Here’s the context: Peter and John, the two big dogs of the early church movement, have been put in jail. And though the authorities couldn’t punish them because of their popularity with the people, they threatened them. Alot. Then they let them go.

So off go Peter and John, back to the fledgling church, and they deliver a report about what the bad guys had said. Then they all started to pray with one voice. And I wonder what I might have prayed, had I been in that situation:

“God, deliver us from the hands of these oppressors.”

“Remove them from power, and put someone in who is more favorable to our position.”

“Change these threatening circumstances, and give us peace that we might meet freely.”

Now I’m not trying to evaluate the validity of any of those prayers.
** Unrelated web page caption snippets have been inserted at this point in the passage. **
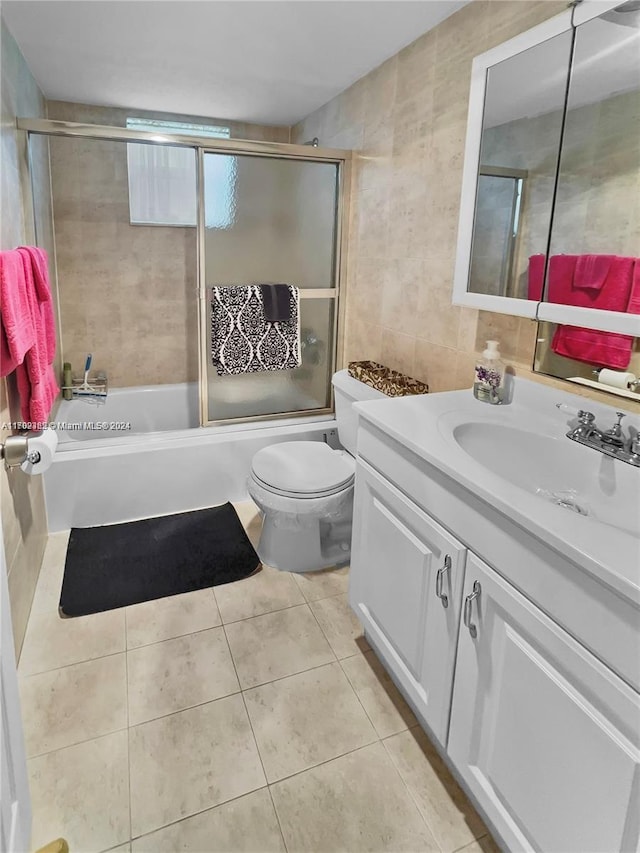 full bathroom with tile patterned flooring, combined bath / shower with glass door, toilet, vanity, and tile walls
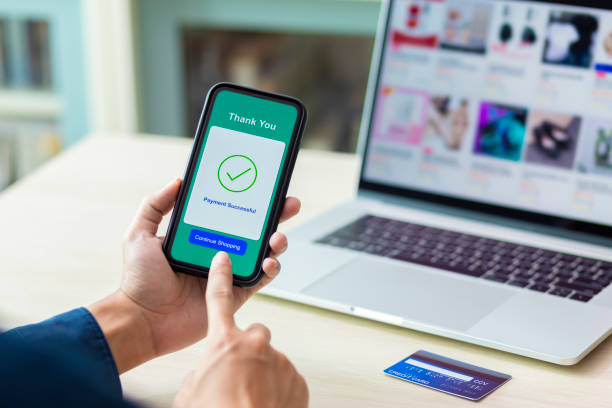 istock using smartphone and credit card online shopping 1211099024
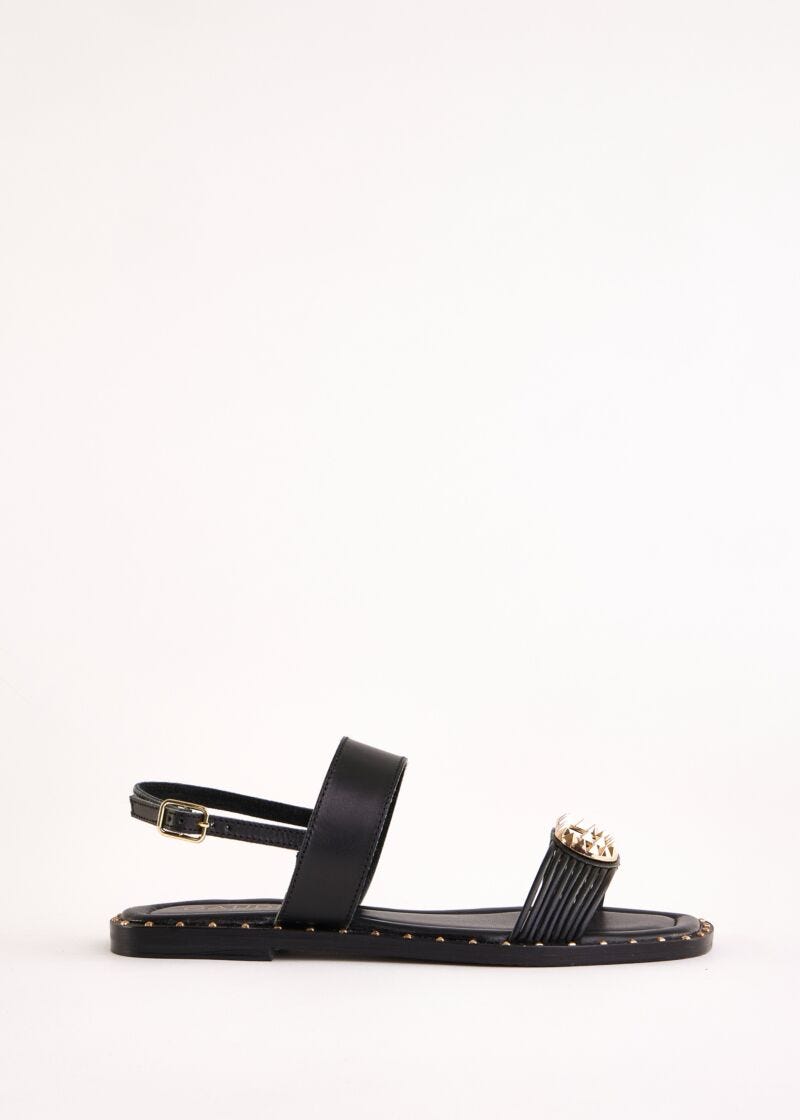 Flat black leather sandals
I believe God wants us to earnestly cry out to Him in honesty, and there are certainly examples all over the Bible of people asking for their circumstances to change.

But not here. Instead, this is what we get from the threatened crowd of believers:

“And now, Lord, consider their threats, and grant that Your slaves may speak Your message with complete boldness…”

Boldness, not deliverance. Extension of the gospel, not a change in circumstances. Courage, not comfort. Maybe I ought to spend a little more time praying for that type of thing rather than a band-aid for my perceived problems. Because if I did, it would show that I had a much more full grasp of how big and important the gospel really is.

That it’s bigger than me. And because it is, sometimes the best thing that can happen is for me to be uncomfortable.